In the last 10 years, the number of solar-powered homes in Bangladesh has jumped from 25,000 to 2.8 million, said a report of the International Renewable Energy Agency (IRENA). This created some 114,000 jobs, for assembling solar panels and selling, installing and maintaining them.
The number of solar-power related jobs nearly doubled between 2011 and 2013.
“The numbers are set to increase further due to higher installation rate,” said the Dubai based intergovernmental organisation in its latest annual review.
The increase is expected despite the fact that 62 percent of the population have access to the national power grid as of September 2013. In 2009, only 47 percent had this access, according to data from the Power Division.
Solar power is increasingly becoming a way to leapfrog the need to build a bigger power grid.

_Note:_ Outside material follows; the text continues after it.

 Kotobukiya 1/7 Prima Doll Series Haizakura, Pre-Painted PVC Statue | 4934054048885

Bangladesh was able to generate those jobs mainly due to a growing popularity of solar home systems, said Mahmood Malik, chief executive of the Infrastructure Development Company Ltd (IDCOL).

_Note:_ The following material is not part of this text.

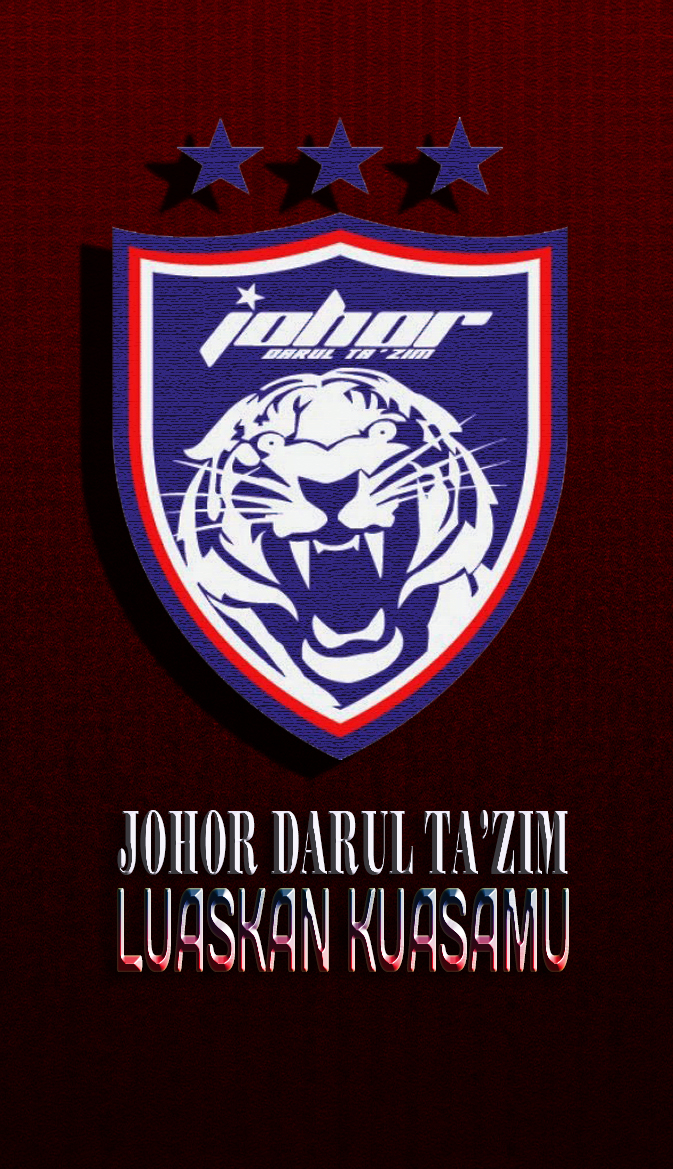 680x1170 Johor Darul Ta'zim F.c. HD Wallpaper, Phone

The IDCOL's programme of solar home systems has itself created around 50,000 green jobs directly and indirectly in the country, he said, adding that a strong backward linkage industry has already developed centring their programme.
IDCOL, with financial support from the World Bank, started the programme in 2003.

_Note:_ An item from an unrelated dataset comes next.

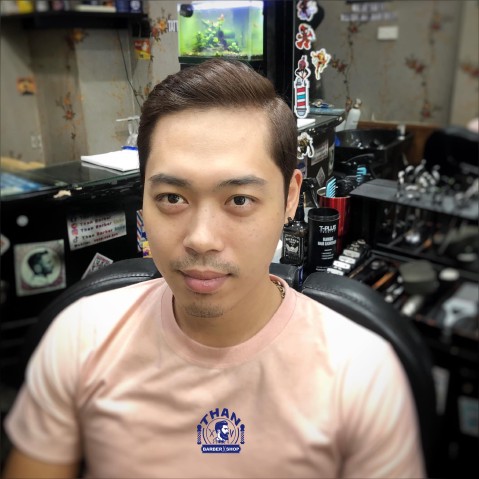 Undercut và fade khác nhau như thế nào?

“Regional shift from developed to emerging countries continued in wind and solar technologies, predominantly in the manufacturing and installation segments of the value chain,” the IRENA report stated.
Solar photovoltaic and wind power remain the most dynamic renewable energy technologies.
Solar energy accounted for 2.3 million of the world's 6.5 million renewable energy-related jobs in 2013, which was 5.7 million jobs in 2012, according to the report.
China remains the largest employer in the renewable energy sector with 2.6 million people working in renewable energy.
In 2013, the installation of 13 gigawatts of solar photovoltaic cemented China's position in solar power globally. The Chinese solar photovoltaic value chain employed 1.6 million people that year.
Brazil is the second largest green job generator with 894,000 people employed in renewable energy jobs in 2013. About 70 percent of those positions are related to biofuel production.
The United States came in third with 625,000 renewable energy jobs. Solar, wind and biofuels accounted for most of those jobs.
India employed nearly 400,000 people in green-energy jobs.
Germany remains the dominant force in Europe, despite having suffered some job losses. The latest statistics from 2013 indicate that the country has 371,000 direct and indirect green jobs.
Once a renewable energy pioneer, Spain has been hit hard by the economic crisis, and adverse policy changes continue to damage employment prospects there.
Spain employed 114,000 people in green-energy jobs. Altogether, the country lost about 23,700 jobs in the renewable energy sector between 2008 and 2012.